LA SENTENZA
Cinque anni al re della droga
Il pm ne aveva chiesti tredici. Ora si attende un nuovo processo

Gli inquirenti non hanno dubbi: Delaj Pllumb è un vero e proprio dominus del traffico di stupefacenti sul territorio. Non a caso, al termine della requisitoria, il pubblico ministero Massimo De Filippo ha chiesto tredici anni di reclusione. Ieri, mercoledì 17 aprile, la decisione del gup Luisa Bovitutti: l’albanese è stato condannato a cinque anni, una pena decisamente inferiore rispetto alla richiesta del pm, ma comunque molto alta se si tiene in considerazione la scelta del rito abbreviato, che consente lo sconto di un terzo.
Gli avvocati Alberto Talamone e Raffaele Della Valle attenderanno le motivazioni per valutare un eventuale ricorso in Appello.
Oltretutto sulla testa di Pllumb pesa un’altra inchiesta, chiusa a ottobre e sempre legata al business degli stupefacenti. Dunque, la sua strada è ancora in salita.
Il quarantunenne finì in carcere a maggio dell’anno scorso, all’esito di una operazione congiunta tra i carabinieri di Legnano e quelli di Pavia. Oltre a lui vennero presi altri quattro soci in affari.
Il gruppo era stato notato dagli investigatori durante un servizio di controllo in una sala giochi nel Pavese. Il sospetto che i cinque si occupassero di droga nacque subito, il pubblico ministero Paolo Mazza aprì un fascicolo e così venne a galla l’imponente movimentazione di cocaina e marijuana su più province.
Pllumb aveva il ruolo del grossista: vendeva ai più piccoli, in quantità mai inferiori a 100 grammi per volta. Non a caso davanti al gup Bovitutti rispondeva della detenzione di 2 chili di cocaina, pari a 11mila pezzi e di 3 chili e mezzo di erba divisa in 14mila dosi.
Gli atti dell’indagine vennero poi trasmessi alla Procura di Busto Arsizio per competenza territoriale e le strade processuali della banda si divisero.
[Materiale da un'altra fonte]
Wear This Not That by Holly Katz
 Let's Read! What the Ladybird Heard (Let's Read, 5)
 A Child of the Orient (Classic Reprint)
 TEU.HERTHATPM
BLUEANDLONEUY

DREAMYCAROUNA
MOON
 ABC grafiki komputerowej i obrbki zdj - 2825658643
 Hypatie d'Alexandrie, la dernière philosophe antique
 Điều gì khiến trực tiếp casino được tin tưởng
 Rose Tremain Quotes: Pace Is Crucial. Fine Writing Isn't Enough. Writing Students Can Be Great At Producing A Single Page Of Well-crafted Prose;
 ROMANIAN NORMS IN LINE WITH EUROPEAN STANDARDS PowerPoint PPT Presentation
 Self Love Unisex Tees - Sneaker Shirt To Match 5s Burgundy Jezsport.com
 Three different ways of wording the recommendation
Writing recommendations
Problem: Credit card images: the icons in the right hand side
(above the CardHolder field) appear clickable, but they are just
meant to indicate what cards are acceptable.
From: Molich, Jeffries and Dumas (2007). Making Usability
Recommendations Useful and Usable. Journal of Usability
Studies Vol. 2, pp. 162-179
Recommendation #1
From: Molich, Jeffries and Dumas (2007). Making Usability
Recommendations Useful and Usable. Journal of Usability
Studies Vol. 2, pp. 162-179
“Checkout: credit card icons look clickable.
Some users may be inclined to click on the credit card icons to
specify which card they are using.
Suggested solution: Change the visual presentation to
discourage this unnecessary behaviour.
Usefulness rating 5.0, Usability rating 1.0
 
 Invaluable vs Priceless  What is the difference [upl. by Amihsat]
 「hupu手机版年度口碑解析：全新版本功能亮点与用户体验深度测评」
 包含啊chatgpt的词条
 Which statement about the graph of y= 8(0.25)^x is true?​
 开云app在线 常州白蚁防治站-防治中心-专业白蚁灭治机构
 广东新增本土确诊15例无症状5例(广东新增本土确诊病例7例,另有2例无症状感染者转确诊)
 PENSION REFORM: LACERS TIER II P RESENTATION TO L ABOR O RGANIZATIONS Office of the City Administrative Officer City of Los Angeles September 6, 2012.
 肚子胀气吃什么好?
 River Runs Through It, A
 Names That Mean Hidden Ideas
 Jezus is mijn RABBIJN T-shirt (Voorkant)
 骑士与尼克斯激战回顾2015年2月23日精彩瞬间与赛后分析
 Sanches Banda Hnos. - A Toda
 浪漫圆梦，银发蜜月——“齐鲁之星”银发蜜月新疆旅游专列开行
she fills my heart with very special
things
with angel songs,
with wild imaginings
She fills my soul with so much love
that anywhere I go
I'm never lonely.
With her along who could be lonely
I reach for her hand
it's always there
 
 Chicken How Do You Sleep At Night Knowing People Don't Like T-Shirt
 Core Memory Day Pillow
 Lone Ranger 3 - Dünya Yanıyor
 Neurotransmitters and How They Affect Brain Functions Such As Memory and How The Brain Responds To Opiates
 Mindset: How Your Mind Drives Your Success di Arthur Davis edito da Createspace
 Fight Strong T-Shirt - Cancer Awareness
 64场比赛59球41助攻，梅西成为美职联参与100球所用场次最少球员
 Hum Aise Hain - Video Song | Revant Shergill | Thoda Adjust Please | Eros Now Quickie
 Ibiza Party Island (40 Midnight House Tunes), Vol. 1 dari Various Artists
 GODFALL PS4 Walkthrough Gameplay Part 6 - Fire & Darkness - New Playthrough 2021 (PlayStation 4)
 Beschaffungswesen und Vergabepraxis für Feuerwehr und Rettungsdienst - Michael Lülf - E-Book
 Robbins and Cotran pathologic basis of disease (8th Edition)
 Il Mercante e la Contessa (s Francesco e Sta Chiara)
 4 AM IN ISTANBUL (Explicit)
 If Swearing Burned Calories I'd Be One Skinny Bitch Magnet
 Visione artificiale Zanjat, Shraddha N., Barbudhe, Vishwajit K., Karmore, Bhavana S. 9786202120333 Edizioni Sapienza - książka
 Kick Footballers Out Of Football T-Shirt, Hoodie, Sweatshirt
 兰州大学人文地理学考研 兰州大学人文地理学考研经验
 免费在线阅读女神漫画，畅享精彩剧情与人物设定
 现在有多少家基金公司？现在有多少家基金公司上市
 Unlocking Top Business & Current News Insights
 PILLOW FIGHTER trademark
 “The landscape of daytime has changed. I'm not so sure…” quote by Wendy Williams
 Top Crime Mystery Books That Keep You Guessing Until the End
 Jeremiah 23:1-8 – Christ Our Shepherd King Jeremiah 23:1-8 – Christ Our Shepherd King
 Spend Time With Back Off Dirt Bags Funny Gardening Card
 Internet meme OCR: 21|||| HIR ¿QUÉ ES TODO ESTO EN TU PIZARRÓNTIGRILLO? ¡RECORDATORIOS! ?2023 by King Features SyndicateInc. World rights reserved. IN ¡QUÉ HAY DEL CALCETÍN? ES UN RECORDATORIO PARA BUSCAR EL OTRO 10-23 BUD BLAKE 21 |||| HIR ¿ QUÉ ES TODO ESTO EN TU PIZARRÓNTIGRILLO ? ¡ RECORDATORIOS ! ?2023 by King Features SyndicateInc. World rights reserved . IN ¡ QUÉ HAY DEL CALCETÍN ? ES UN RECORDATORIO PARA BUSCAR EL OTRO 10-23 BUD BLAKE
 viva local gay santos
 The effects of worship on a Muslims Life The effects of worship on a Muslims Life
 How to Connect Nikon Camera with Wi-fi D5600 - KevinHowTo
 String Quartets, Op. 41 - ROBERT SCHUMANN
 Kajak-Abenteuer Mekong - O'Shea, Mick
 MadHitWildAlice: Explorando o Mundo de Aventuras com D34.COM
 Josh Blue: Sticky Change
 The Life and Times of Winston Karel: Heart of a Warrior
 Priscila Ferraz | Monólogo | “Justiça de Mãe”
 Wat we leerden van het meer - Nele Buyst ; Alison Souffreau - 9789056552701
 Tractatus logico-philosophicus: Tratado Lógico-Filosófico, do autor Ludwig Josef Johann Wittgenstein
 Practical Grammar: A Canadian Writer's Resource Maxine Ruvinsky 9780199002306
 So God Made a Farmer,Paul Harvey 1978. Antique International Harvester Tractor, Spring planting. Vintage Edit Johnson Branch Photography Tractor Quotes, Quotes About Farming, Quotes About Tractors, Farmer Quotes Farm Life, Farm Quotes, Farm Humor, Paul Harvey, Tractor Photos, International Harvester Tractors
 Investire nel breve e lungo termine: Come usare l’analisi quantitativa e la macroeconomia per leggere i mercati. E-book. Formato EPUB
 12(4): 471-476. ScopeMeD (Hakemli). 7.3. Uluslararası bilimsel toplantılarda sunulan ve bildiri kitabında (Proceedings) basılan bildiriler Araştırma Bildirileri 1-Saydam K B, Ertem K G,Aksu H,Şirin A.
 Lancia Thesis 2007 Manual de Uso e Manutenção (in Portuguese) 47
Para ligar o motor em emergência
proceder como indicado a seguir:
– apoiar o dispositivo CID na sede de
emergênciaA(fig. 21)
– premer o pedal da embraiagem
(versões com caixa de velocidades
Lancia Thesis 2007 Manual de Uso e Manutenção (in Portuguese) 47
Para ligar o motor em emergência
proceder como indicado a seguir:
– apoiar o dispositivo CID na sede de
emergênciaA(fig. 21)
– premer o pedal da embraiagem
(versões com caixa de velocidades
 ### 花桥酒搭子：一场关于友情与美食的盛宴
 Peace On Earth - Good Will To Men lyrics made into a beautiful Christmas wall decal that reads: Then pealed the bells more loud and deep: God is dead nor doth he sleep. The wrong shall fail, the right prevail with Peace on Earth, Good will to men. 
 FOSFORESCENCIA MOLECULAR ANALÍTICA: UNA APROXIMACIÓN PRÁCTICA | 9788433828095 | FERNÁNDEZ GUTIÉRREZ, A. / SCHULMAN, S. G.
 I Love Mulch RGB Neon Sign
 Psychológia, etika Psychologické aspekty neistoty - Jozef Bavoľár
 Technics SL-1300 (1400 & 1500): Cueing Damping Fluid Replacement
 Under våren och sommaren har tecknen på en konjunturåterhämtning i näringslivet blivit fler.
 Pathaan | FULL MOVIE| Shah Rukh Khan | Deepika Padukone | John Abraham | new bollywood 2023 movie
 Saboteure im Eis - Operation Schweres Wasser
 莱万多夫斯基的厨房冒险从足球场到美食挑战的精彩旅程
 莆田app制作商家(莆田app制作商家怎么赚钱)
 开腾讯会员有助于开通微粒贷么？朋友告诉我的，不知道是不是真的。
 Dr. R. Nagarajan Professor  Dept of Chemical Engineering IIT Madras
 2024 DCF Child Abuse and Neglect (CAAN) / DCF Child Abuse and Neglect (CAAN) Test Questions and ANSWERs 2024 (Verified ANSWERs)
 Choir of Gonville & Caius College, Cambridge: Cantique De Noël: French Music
Lo scorso ottobre, quando ormai il quarantunenne era detenuto, venne raggiunto da una nuova ordinanza di custodia cautelare, richiesta dal procuratore aggiunto Giuseppe D’Amico ed emessa dal gip Bovitutti. Dieci in tutto gli albanesi coinvolti.
«Le modalità e le circostanze della condotta delittuosa degli indagati», si legge nel provvedimento, «denotano la loro spiccata pericolosità sociale, che emerge per alcuni di essi dal ruolo dirigenziale assunto, come nel caso di Delaj Pllumb, per gli altri per la particolare spregiudicatezza dimostrata nella consumazione di reati qualificati da un forte disvalore penale».
E ancora: «Tutti i predetti indagati trafficano in modo professionale e organizzato, quasi si trattasse di una lecita attività lavorativa, e hanno dato vita a cellule criminali che si muovono secondo protocolli collaudati, contando su fonti di approvvigionamento ricche e sicure e su introiti notevoli grazie ai numerosi clienti e all’estensione temporale delle condotte contestate».
Dalle intercettazioni emerse che Delaj Pllumb si avvaleva di veri e propri luogotenenti per coordinare gli affari. La domanda a questo punto è: dopo quella massiccia bonifica, a chi è passato lo scettro del narcotraffico?